A note before I start, because honesty is the format here: I cannot re-run most of this on a plain dev box. This is an AWS-only procedure. Creating an RDS instance, drawing security-group rules between a Lambda function and a database, standing up an RDS Proxy, storing credentials in Secrets Manager — every one of those steps lives in someone’s AWS account, costs money, and leaves no trace on a laptop. So I have not verified the console clicks or the CLI calls below by running them today. What I am preserving is the real procedure and the one lesson that cost the most to learn. Where a step can only be checked inside AWS, I say so.
The goal is small to describe and large to debug: a Django app running on Lambda that can talk to a Postgres database without leaking its password or opening the database to the internet.
The lesson, up front
A Lambda function that times out trying to reach a database is almost never a database problem. It is a networking problem wearing a database costume.
Lambda runs outside your VPC by default. RDS, if you configured it correctly, runs inside one and refuses public connections. Those two facts do not introduce themselves. The function calls out, the packet has nowhere to go, and thirty seconds later you get a timeout that says nothing about the actual cause. I spent the timeouts blaming credentials. The credentials were fine. The function was not in the room with the database.
Everything below is the work of getting them into the same room — and then handing them a key they don’t have to memorize.
Step 1: Pick an engine
RDS speaks several dialects Django is happy with: PostgreSQL, MySQL, MariaDB, and Aurora (MySQL- or Postgres-compatible). This note uses PostgreSQL, because that’s what the original build used. Nothing here is Postgres-specific except the port number and the driver.
Step 2: Create the RDS instance
Cannot verify on a dev box — this provisions a real, billable database.
In the console: RDS → Databases → Create database → Standard create, engine PostgreSQL, latest version. The settings that matter later:
- DB instance identifier, master username, and a strong master password. Write these down somewhere that is not a code comment.
- Public access: No. This is the whole security posture in one toggle.
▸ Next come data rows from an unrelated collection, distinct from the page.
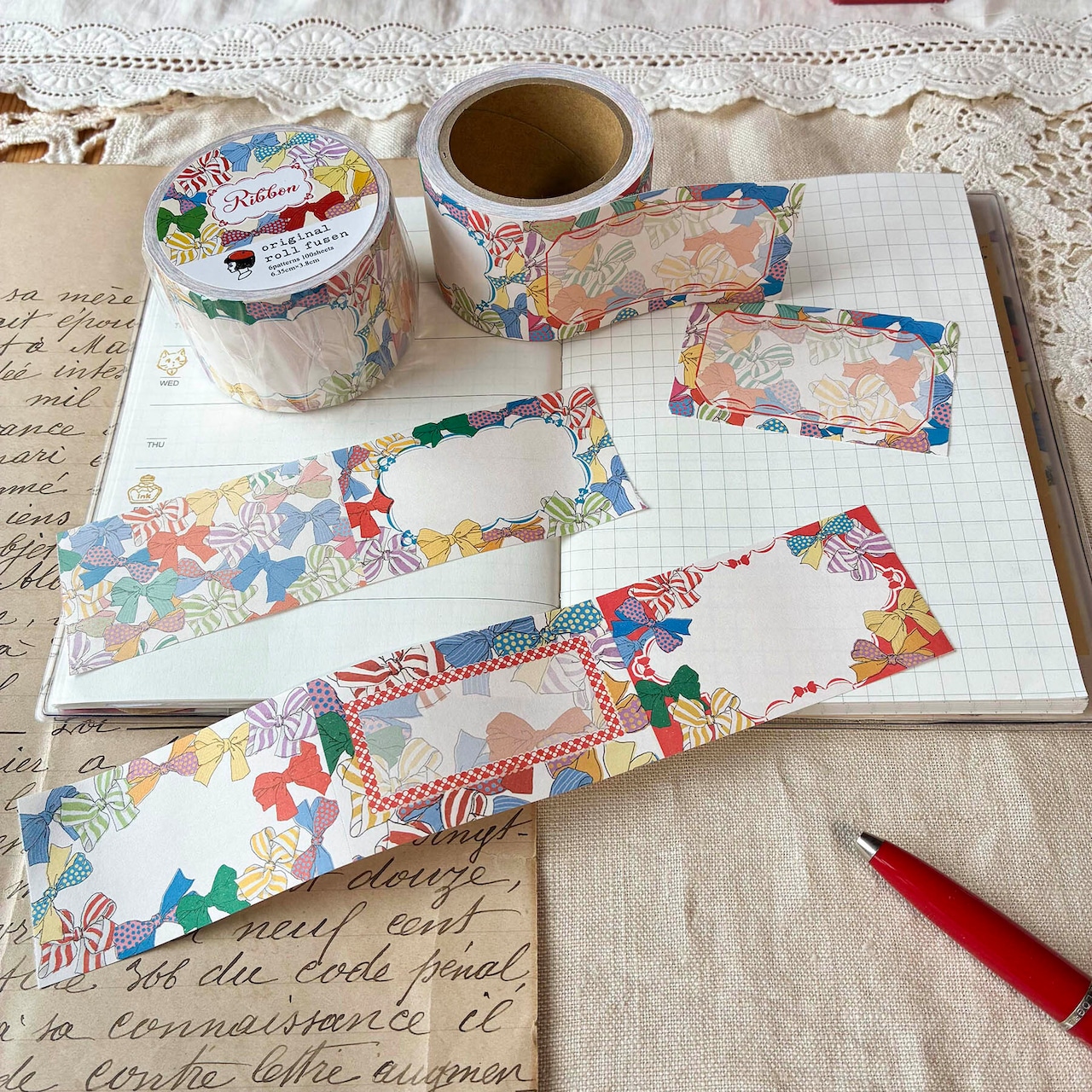 Ribbon-pattern roll sticky notes with several label stickers laid out on an open notebook.
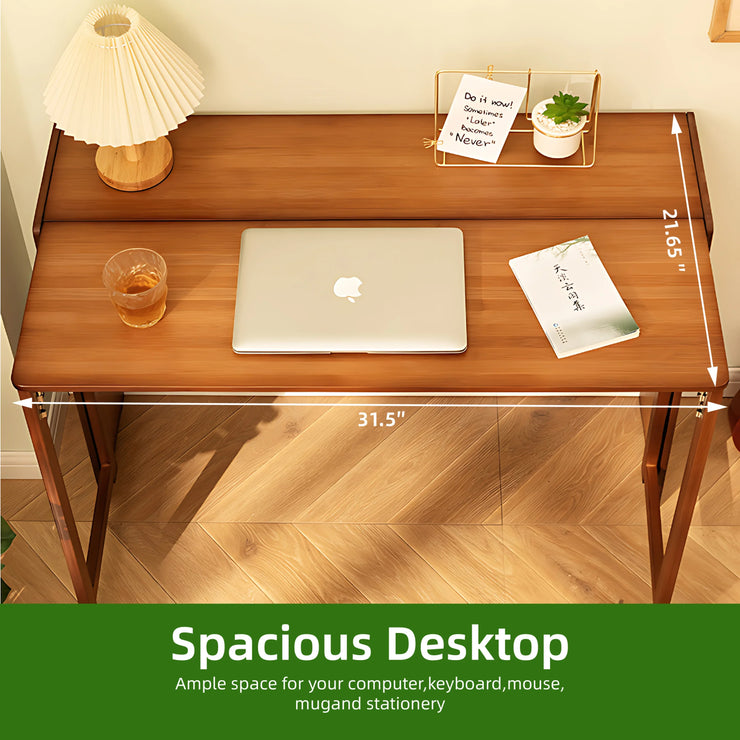 Bamboo folding desk in brown with a laptop, lamp, and decor. Features a spacious desktop, 31.5" wide by 21.65" deep.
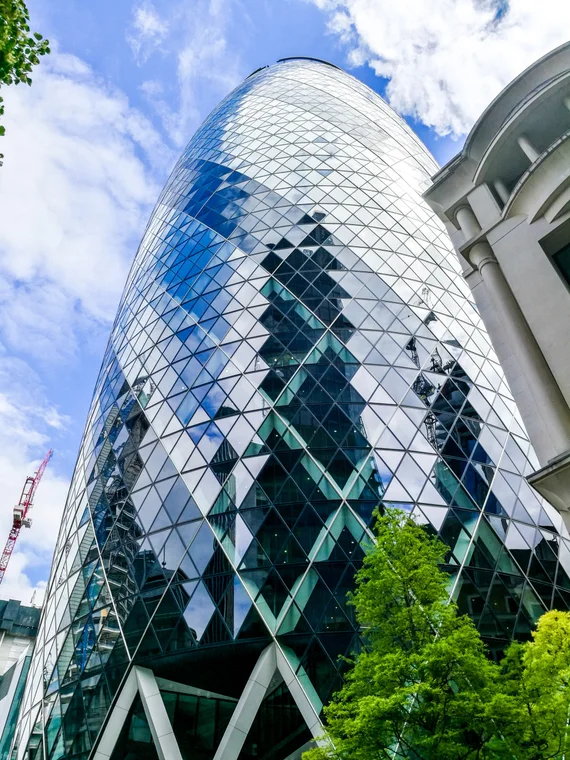 The Gherkin's diamond glass panels up close, a green tree at its base
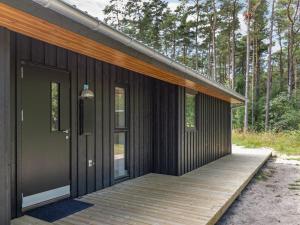 une maison avec une terrasse en bois dans les bois dans l'établissement Holiday Home Anarosa - 200m from the sea by Interhome, à Vester Sømarken 24 autres photos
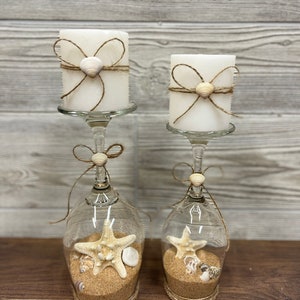 May include: Two white pillar candles with twine and seashell accents are displayed in glass wine goblets filled with sand and seashells. The goblets are tied with twine at the base. The text "Wax Candles" is displayed above the candles.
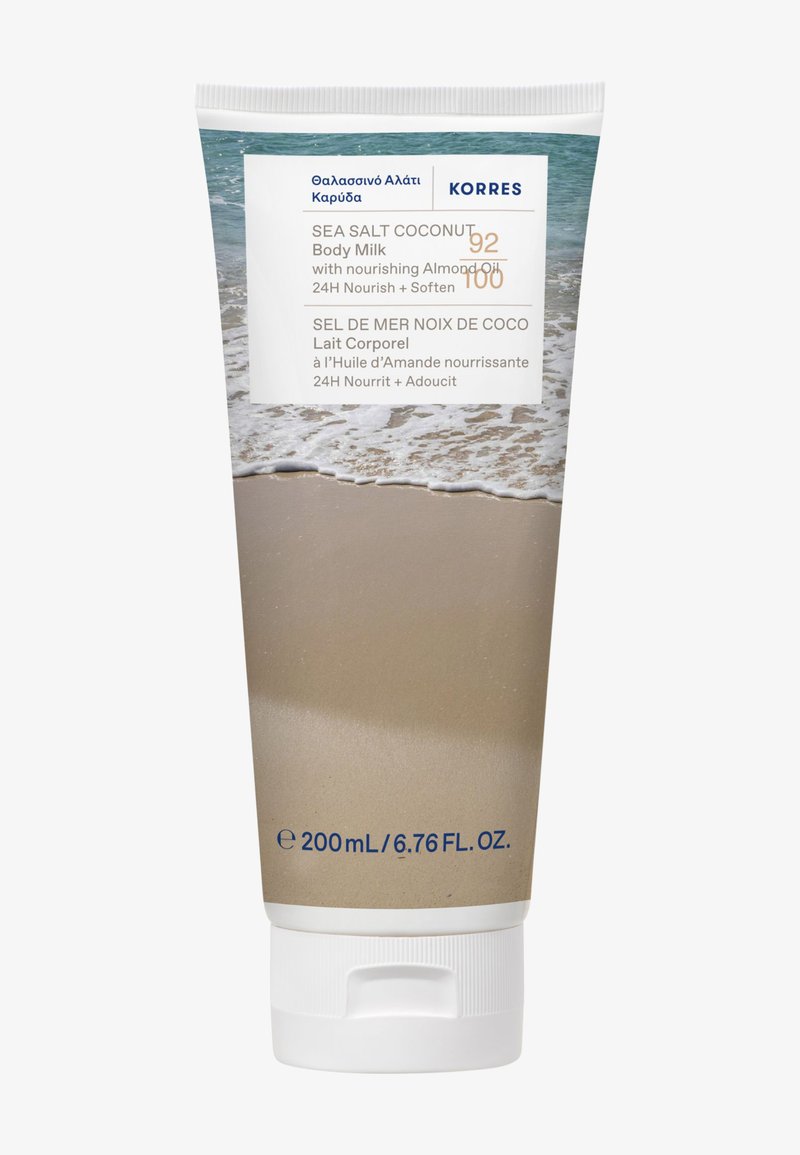 Tube blanc avec un socle en crème texturé, présentant une scène de plage et une marque. Contient 200 mL de lait corporel à la noix de coco et au sel marin. Capuchon scellé.
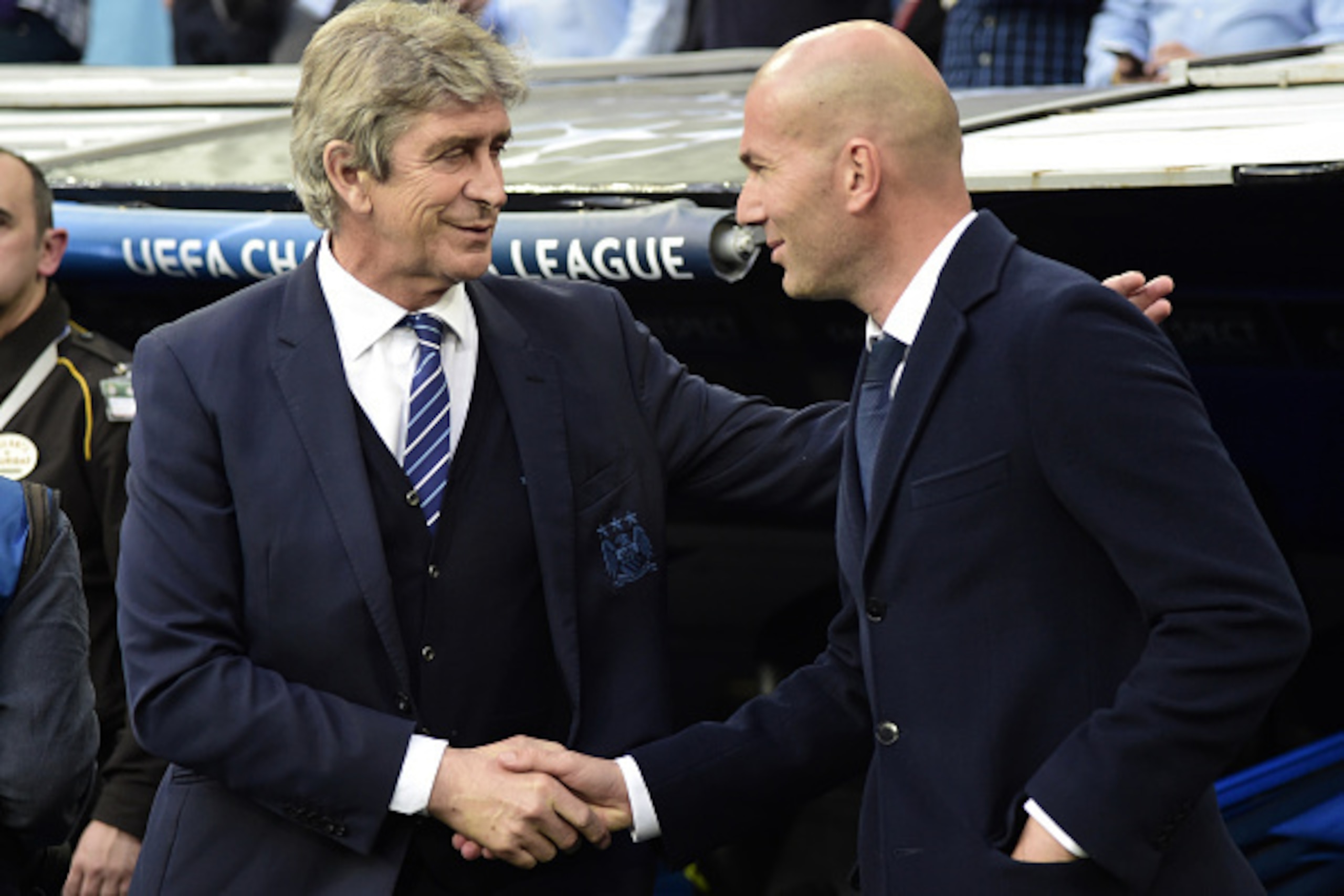 Manchester City's Chilean coach Manuel Pellegrini (L) shakes hands with Real Madrid's French coach Zinedine Zidane during the UEFA Champions League semi-final second leg football match Real Madrid CF vs Manchester City FC at the Santiago Bernabeu stadium 
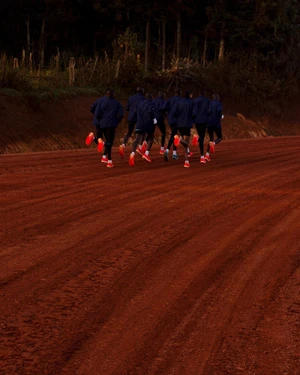 Group of runners in dark jackets and bright red running shoes running away on a red dirt road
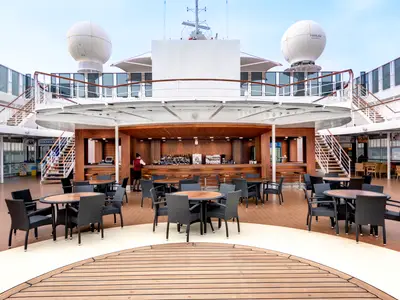 Blick auf die Poolbar und einen Teil des Außendecks der MSC Armonia. Eine Barkeeperin steht hinter der Bar, umgeben von dunklen Tischen und Stühlen. Im Hintergrund sind Treppen und ein Gelato-Stand zu sehen.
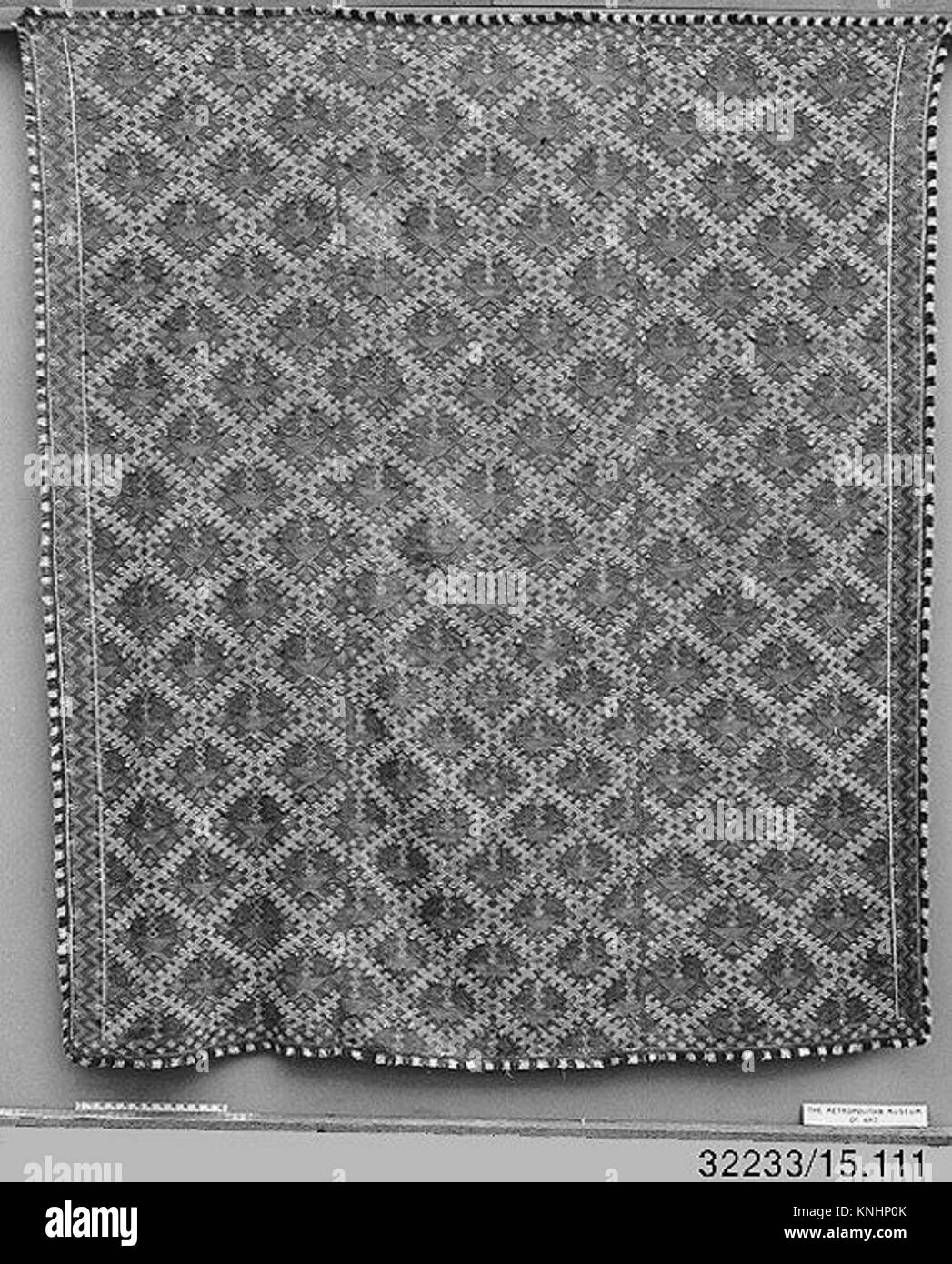 Historical Textiled Patterns This bedspread is a textile artifact showcasing intricate patterns and ...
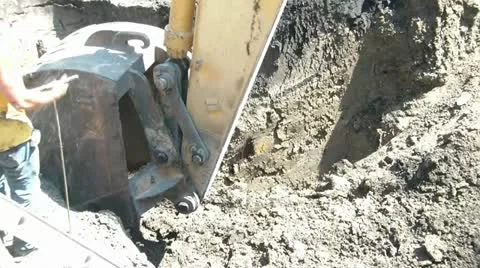 Backhoe Digs Cautiously After Ground is Probed Video stock 12571048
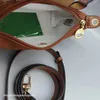 Borsa Alta qualità 2024 Liquidazione Gnocco all'ingrosso Portafoglio con tracolla all'ingrosso Nylon Manico corto Mano a contrasto Cosmetico Cognac Colore Mano Mini borsa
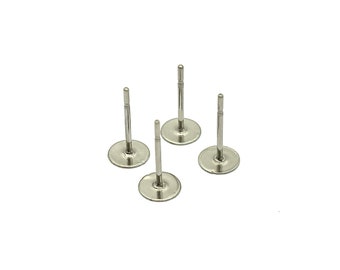 May include: Four silver earring posts with flat backs. The posts are round and have a smooth finish.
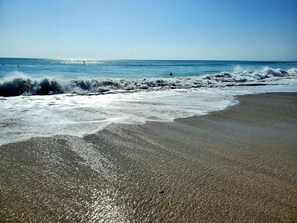 Een strand met golven en heldere lucht.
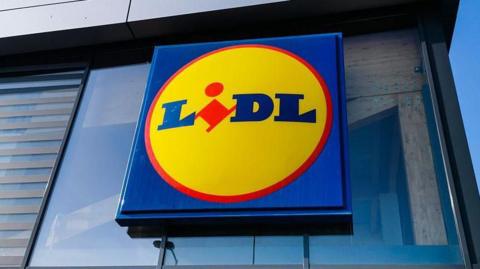 A red, yellow and blue sign that reads 'Lidl' 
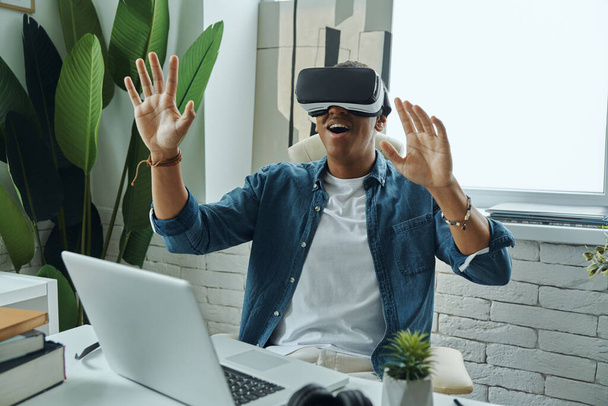 Happy African man wearing virtual reality glasses and gesturing while sitting in office - Fotó, kép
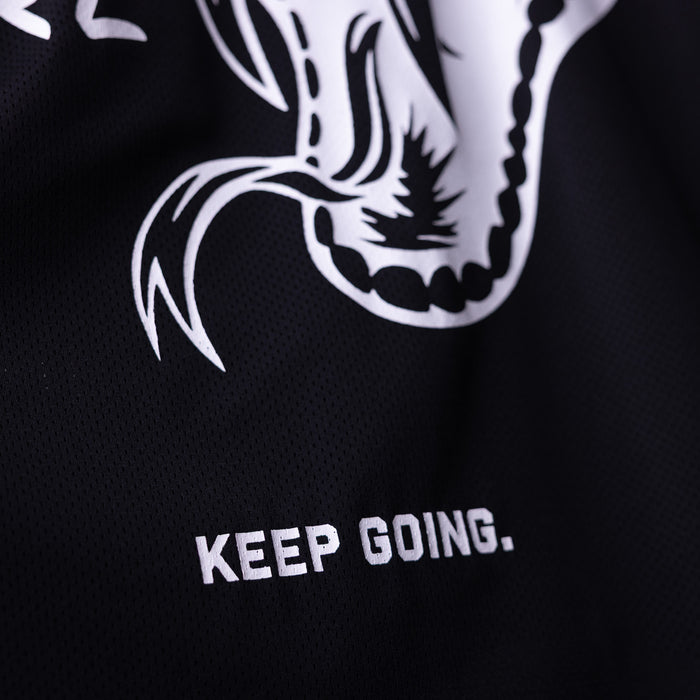 SM'23 long-sleeve jersey in black with white graphic and 'Keep Going' text, detail shot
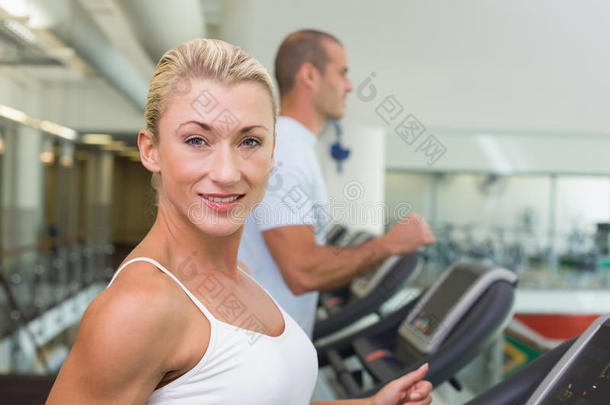 健身夫妇在健身房跑步机上跑步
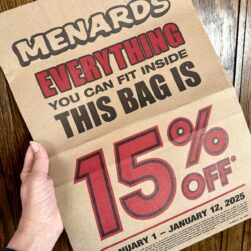 A hand holds a brown paper bag from Menards with bold red and black text advertising a 15% off bag sale promotion. The offer applies to everything that fits inside the bag, valid from January 1 to January 12, 2025.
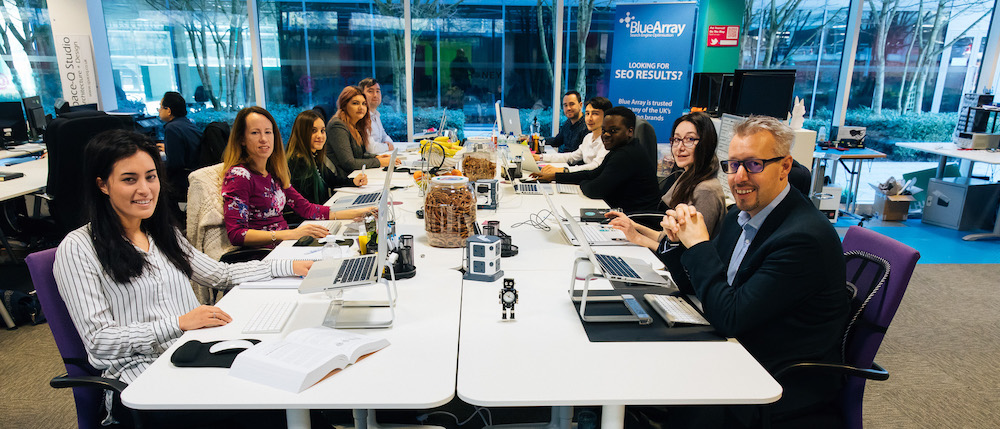 Team photo of Blue Array Blue Array's team sitting at their desks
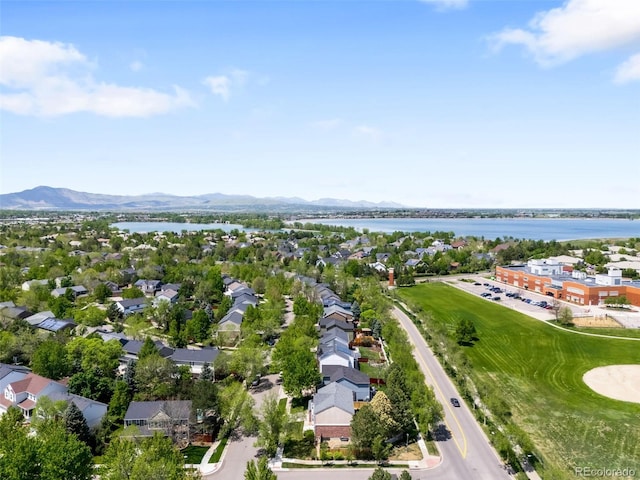 aerial perspective of suburban area with a water and mountain view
The database should be reachable only from inside your VPC.
- VPC: the same VPC your Lambda function will live in. (Hold this thought. It is the thing I got wrong.)
- Security group: a new one is fine; you’ll edit its rules in Step 3.
- Port:
5432for Postgres.
Turn on Deletion Protection while you’re here. The free, untouched version of me would not have, and the free, untouched version of me would have eventually deleted the wrong database.
The CLI does the same thing in one call. I am showing it as a reference, not as something I ran:
# NOT run here — this creates a real, billable RDS instance.
aws rds create-db-instance \
--db-instance-identifier my-django-db \
--db-instance-class db.t3.micro \
--engine postgres \
--allocated-storage 20 \
--master-username dbadmin \
--master-user-password 'CHANGE_ME' \
--vpc-security-group-ids sg-xxxxxxxx \
--db-subnet-group-name my-subnet-group \
--no-publicly-accessible
Step 3: The networking, which is the actual job
This is the part the title undersells. Three things have to line up, and AWS will let you get all three subtly wrong without complaint.
- Same VPC. The Lambda function and the RDS instance must be in the same VPC. Different VPCs cannot see each other without extra plumbing you do not want.
- The RDS security group’s inbound rule allows Postgres (TCP
5432) from the Lambda function’s security group by ID — not from an IP range. This is the rule I always botch by reaching for an IP address first, then regret. - The Lambda function’s security group allows outbound traffic to the database on
5432.
Use private subnets for both. The database has no business on a public subnet, and neither does the function that talks to it.
I cannot show you “it worked” output for this step, because the only proof is a connection succeeding later — and that connection only happens inside AWS. The tell, when it’s wrong, is a timeout. The tell, when it’s right, is silence followed by rows.
Step 4: RDS Proxy (optional, and I’d do it)
Cannot verify on a dev box.
Lambda’s whole personality is “spin up a hundred copies of me at once.” A database’s whole personality is “please do not open a hundred connections at once.” RDS Proxy sits between them and pools connections so the burst doesn’t knock the database over.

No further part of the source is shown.